Saturday, September 07, 2019

Star Air connects Mumbai to Belagavi

Mumbai: Indicating that there is enough firepower left among Indian entrepreneurs to fuel their aviation dreams, the promoters of Kolhapur-based Sanjay Ghodawat Group (SGG) have committed to be a stable and long-term player in the airline business by adopting a calibrated approach.

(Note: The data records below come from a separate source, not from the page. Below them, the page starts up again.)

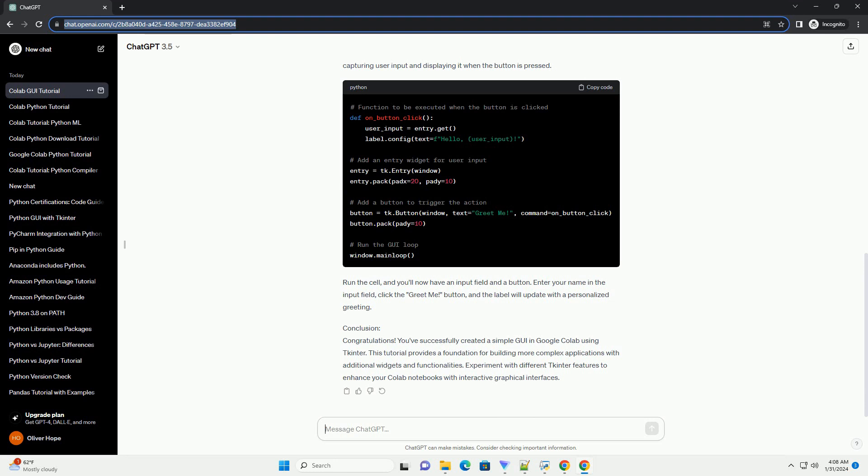Step 3: Adding an Input Field and a Button. Enhance your GUI by adding an Input Field and a Button. This example will demonstrate capturing user input and displaying it when the button is pressed.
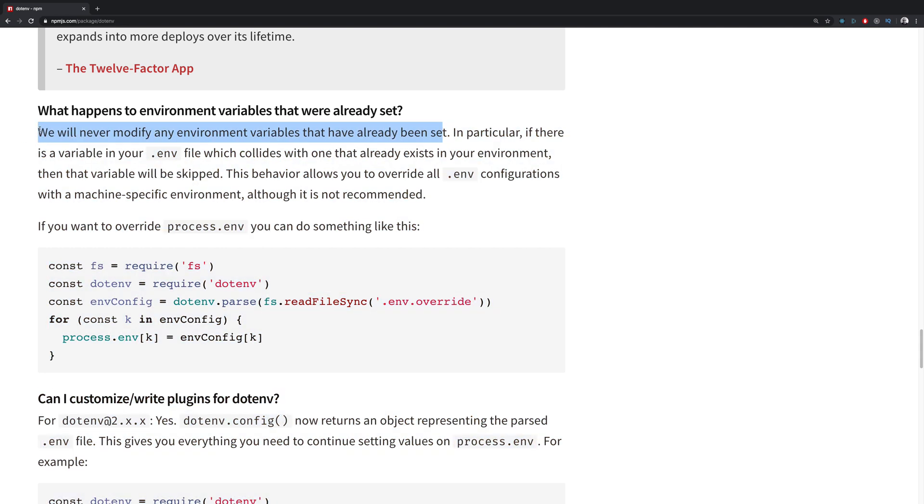So you know pretty much everything that you need to know about dotenv. It's a very nice and easy to use library.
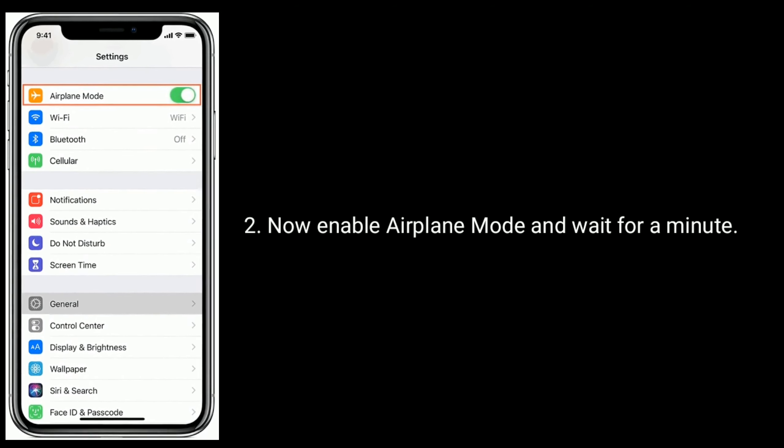Solution 6 is to reset network settings. Resetting the network settings will reset your Wi-Fi networks and passwords, APN and VPN settings, and cellular settings. Go to the Settings app, tap on General, scroll down to the bottom, and tap Reset.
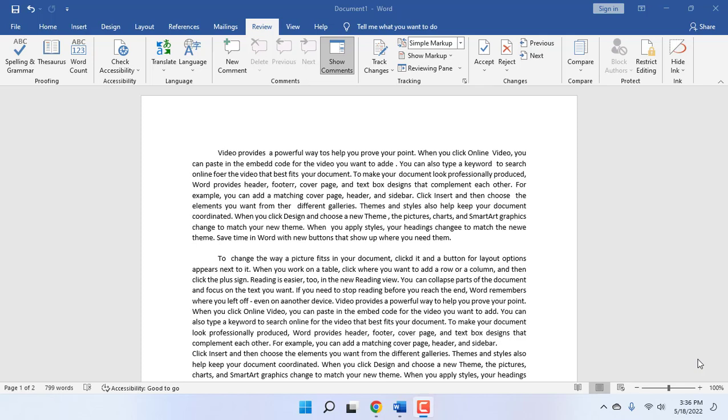Hello guys, welcome back again. I'm MJ. In this video, I will show you how to fix spelling and grammar errors not showing in MS Word document. For example, here I have a Word document with a lot of grammar and spelling mistakes, but Word is not detecting any grammar or spelling mistakes.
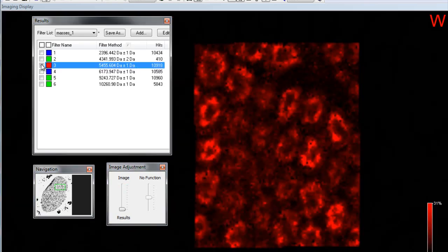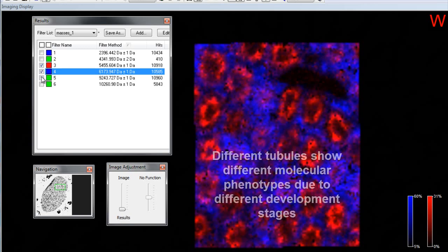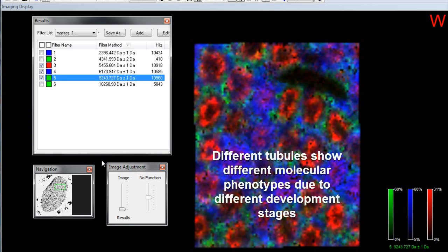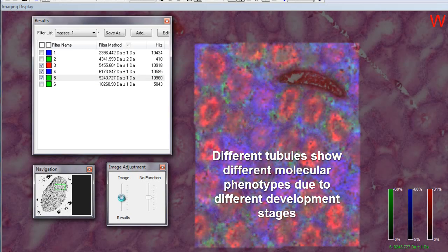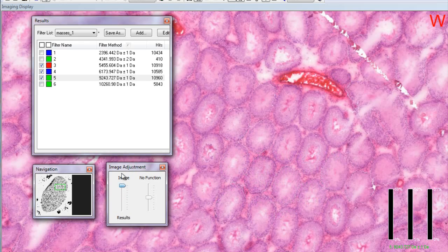Selections of other mass signals show that they correspond to the seminiferous tubules. Different tubules will show different molecular phenotypes due to the different developmental stages present in the tissue.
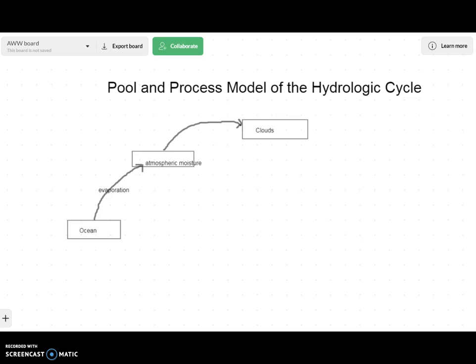One other hint: remember that every pool must have at least one arrow in and one arrow out. If pools only had arrows in and no arrows out, eventually all the Earth's water would end up in that pool. So just be careful that each of your six pools has at least one arrow in and one arrow out. Continue on with the next video clip, and then when you're done with the video clips and working on the assignment, you might want to come back to this video clip to get yourself started on the model.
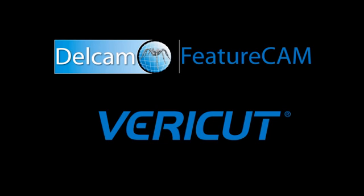In this presentation, we are going to take a short look at how to use and configure the FeatureCam to VeriCut interface. I start FeatureCam through the start menu, and we get the splash screen showing the major version, 2011.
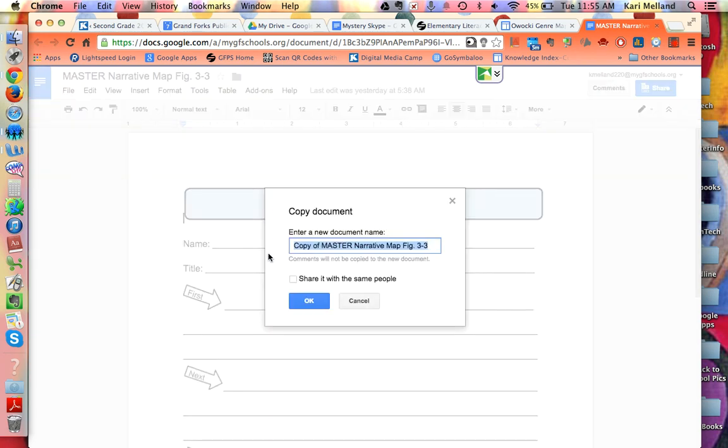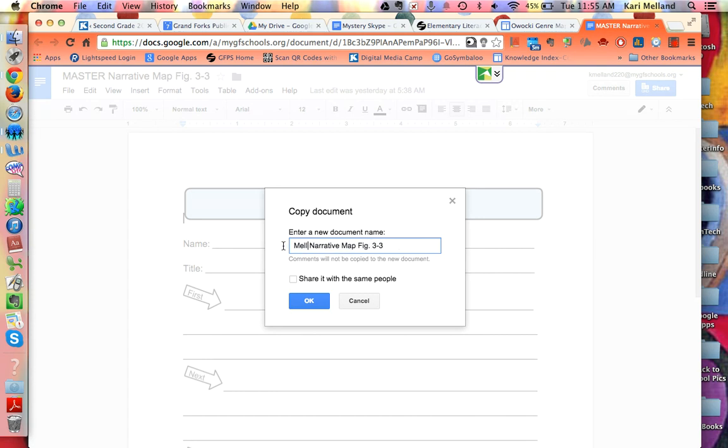I will get a window that has the copy of the master already highlighted. So I'm going to just highlight copy of master and put in my own name and then say okay.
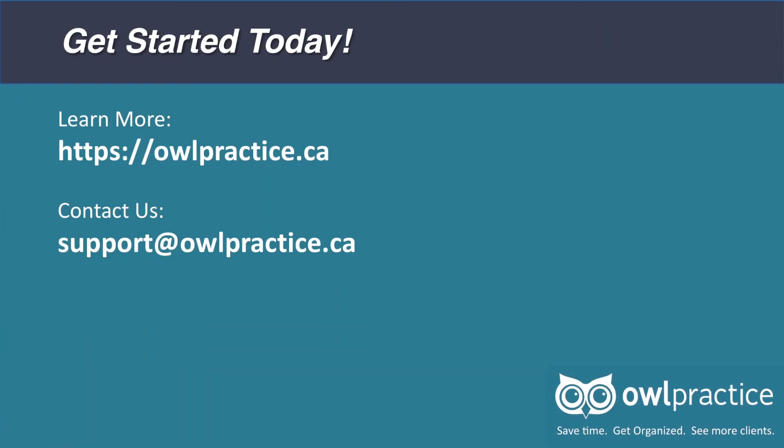Thanks for taking a tour of OWL Practice's online intake and consent forms. Please visit our site, OWLpractice.ca, or send an email to support at OWLpractice.ca to get started on your very own forms today.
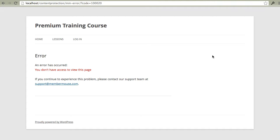While it's possible to protect pages and posts on a one by one basis, as I demonstrated at the beginning of this video, when you get a lot of content and a lot of membership levels, it can become a hassle to go into each page and post every time you want to modify access rights. To solve this problem, we've created a drip content schedule.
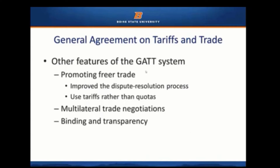Another feature of the GATT system was the first-ever formalized system to resolve trade disputes, which is now formalized into the trade dispute resolution mechanism of the World Trade Organization — a legal process. They also focused on eliminating quotas, reducing tariffs, and getting rid of non-tariff barriers in a multilateral framework. There are two dimensions: global trade negotiations, and a legal system that binds member countries to the provisions of agreements, with full transparency.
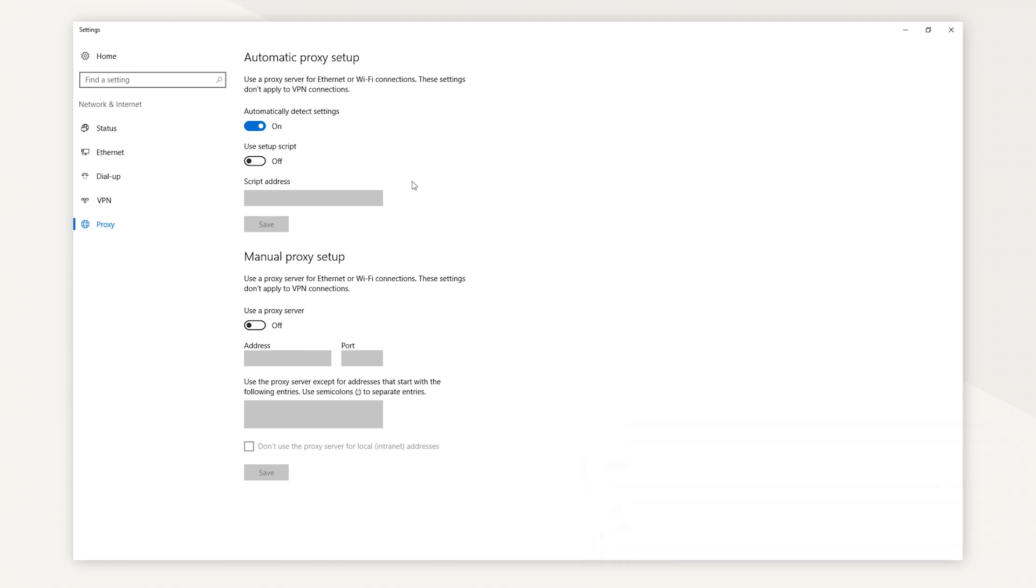But if you do see the proxy settings, go under Automatic Proxy Setup, toggle Automatically Detect Settings off if you want to disable proxy settings, and toggle it on if you want to enable proxies. This toggle allows Windows to automatically detect proxy settings from your business or school network. If your computer isn't connected to one, you'll want to keep it off.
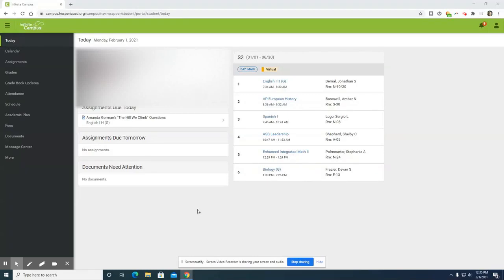Hello, today you will learn how to register for your classes on Infinite Campus. Please first log in to your account.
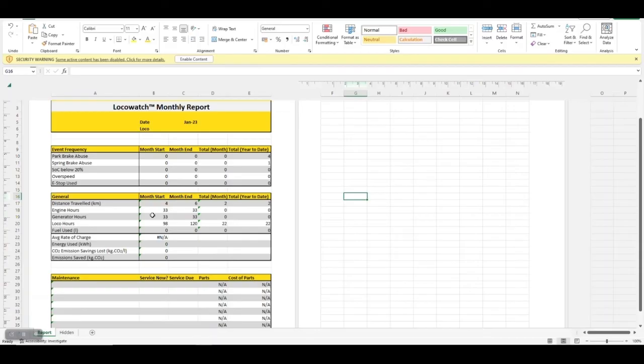Reports on hours, CO2, and fuel saved are also included. The report also highlights the maintenance and parts required to be used on the LOCO when it's in for service.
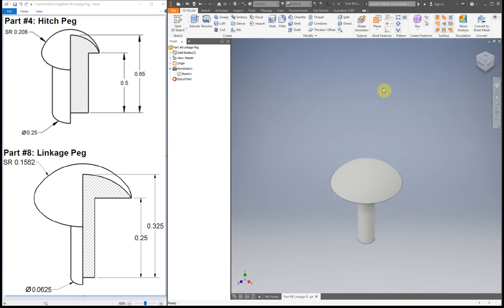So you can kind of make two parts almost at the same time. If you pay attention to what you're making, sometimes you can save yourself some time.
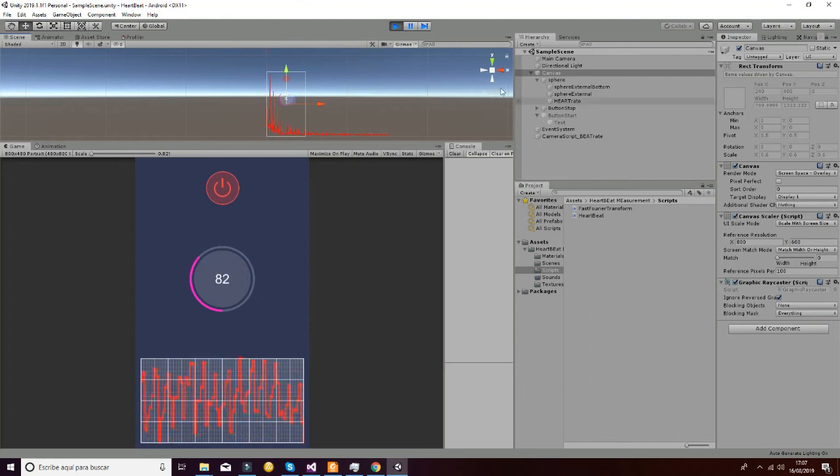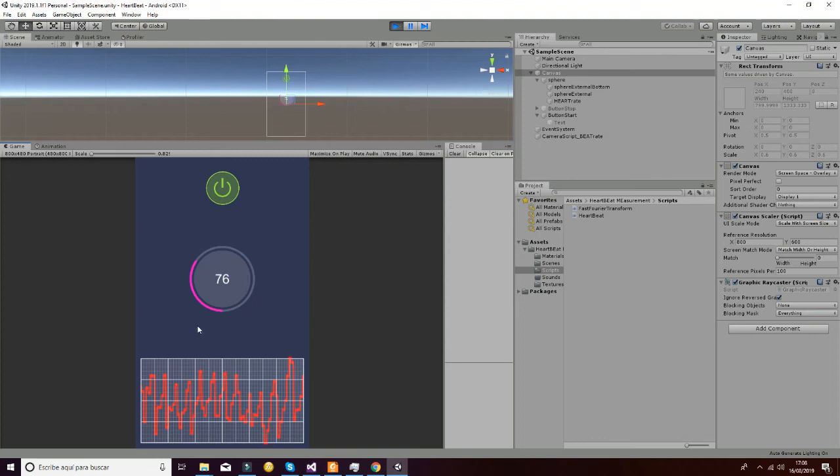Then we have added a button that is able to stop the camera and store the information on your screen, as you can see. The values of the heart rate are displayed at the center of the screen.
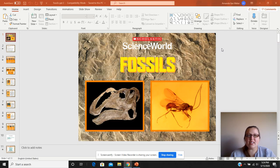Good morning all. Today we're going to talk about fossils with Science World Scholastic.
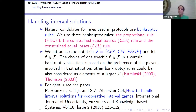We obtain classical real solutions from interval solutions by using protocols from bankruptcy situations — specifically, bankruptcy rules. In our paper (Branzei, Tijs, Alparslan-Gök, Langen, 2010), we explain the theoretical framework and the algorithm in detail. We use the proportional rule, the constrained equal rewards rule, and the constrained equal losses rule — though other rules can also be applied. Details on these rules can be found in papers by Kaminsky and Thomson.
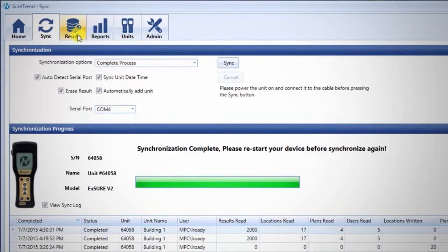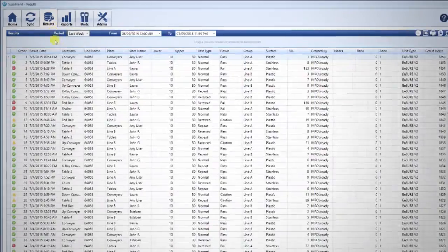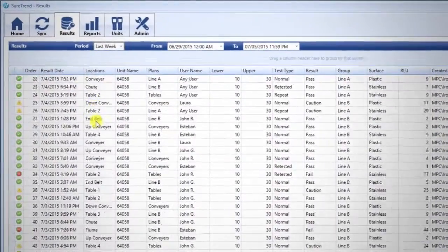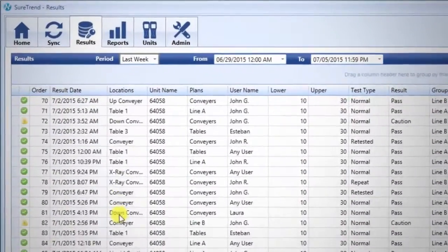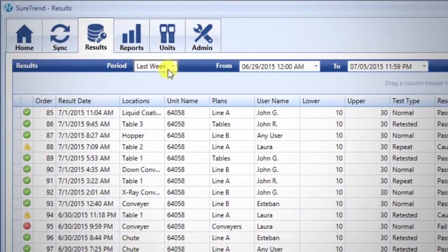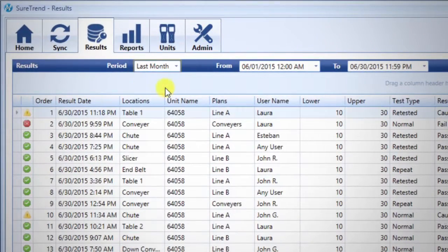To see your results, click the Results tab. Here you will see a complete database of all your test results.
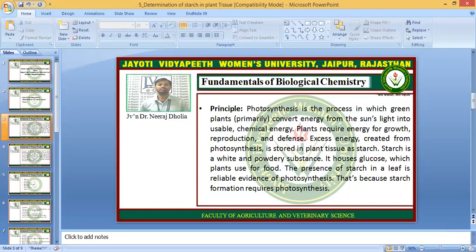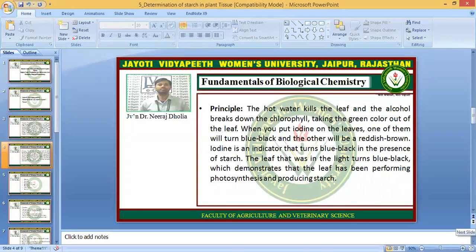Starch formation requires photosynthesis. In the practical, we use hot water that kills the leaf, and alcohol which breaks down the chlorophyll, taking the green color out of the leaf. When you put iodine on the leaves, one of them will turn blue-black and the other will be a reddish brown. Iodine is an indicator that turns blue-black in the presence of starch. The leaf that was in the light turns blue-black, which demonstrates that the leaf has been performing photosynthesis and was producing starch.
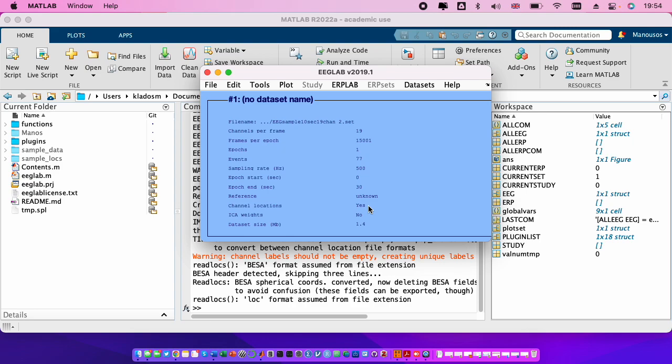We press ok and we see now that the channel location changed to yes. Some amplifiers give you on the data set the one that they save, only the channel names. If the channel names are according to the international system we said, the EEGLAB can detect them automatically, by means that the EEGLAB will put the coordinates of the electrodes automatically.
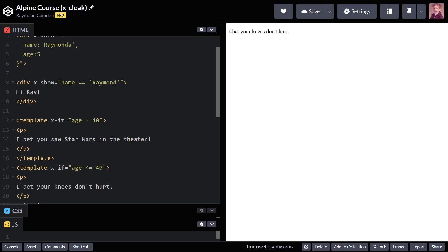All right, so for this video, we're going to talk about a really handy feature that you should use in every single AlpineJS application. In fact, I felt bad not including it earlier, but I wanted to wait for the right time to show it.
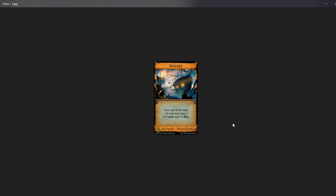First of all we have Wharf. It's a five cost duration card. Duration card means that you do something this turn and something in the next turn. But this costs five and all it gives you is plus two cards and plus one buy. Doesn't even give you an action, and yeah this is super weak. I compared it to Council Room that gives you plus four cards and plus one buy.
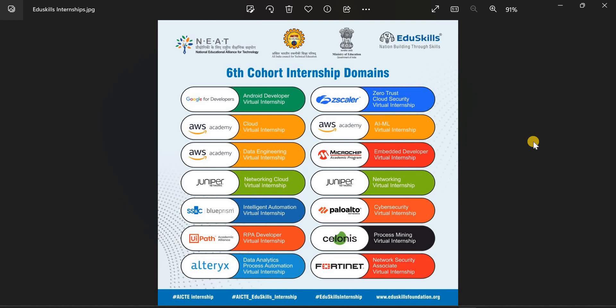Dear students, in this video I am going to give you a very important information regarding online internships. All these internships are offered by AICTE in association with EduSkills, and all these internships are 100% genuine internships.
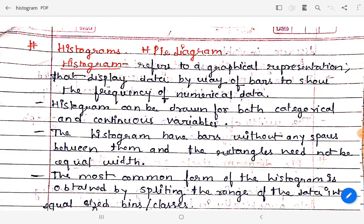Hi everyone, welcome back to my YouTube channel. Today we are going to discuss what are histograms, pie diagrams and bar diagrams. It's a small topic, not much in detail — it's a question that you can ask for a short answer or five hundred words.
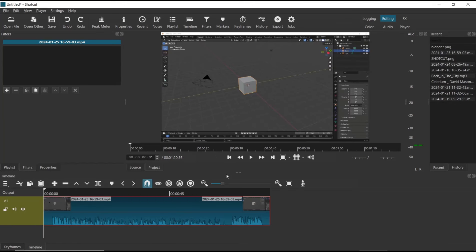Hello everyone, today we are going to learn basic Shotcut tutorials: how to mute audio. So in here we have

Having witnessed the collapse of big Indian airlines like Kingfisher Airlines and Jet Airways, SGG, which is into agri products, education, consumer products, textiles, software, mining and real estate business, had earlier this year ventured into the airline business through Star Air. It is now planning to move step by step by limiting the cash burn that is evident in this sector. Star Air commenced operations on January 25, 2019, as a regional airline and has permission to operate flights under the UDAN scheme in 22 routes. The startup airline has operations in six routes and by December 2019, plans to cover all 22 routes with 44 flights a day.
On Friday, it announced the operation of UDAN flights connecting Mumbai to Belagavi (earlier Belgaum) in Karnataka. Currently, it has two Embraer 145 regional jets in its fleet and will get three more by November 2019. Unlike other airlines leasing aircraft, Star Air is purchasing them to keep the cost under control.
“We decided to buy the aircraft. Most airlines worldwide failed because of lease and fuel cost. While the fuel cost is not under our control, the lease is something we can manage. So we opted for the regional jet model, which is very successful in the U.S. It is the same strategy that we are bringing to India,” said Shrenik Ghodawat, managing director, Star Air.
To ensure a sustainable business, the company has adopted a cautious approach. “The first thing we wanted to do is to start small. Which is why we choose the UDAN scheme. We have been planning for past five years, but were waiting for the right opportunity and sectors,” he said. “Through UDAN, the government has given us the right opportunity to connect tier-III and tier-IV cities as well as be sustainable to a large extent. Once the routes mature, we will slowly get out of the subsidy scheme and still be economically viable,” he said.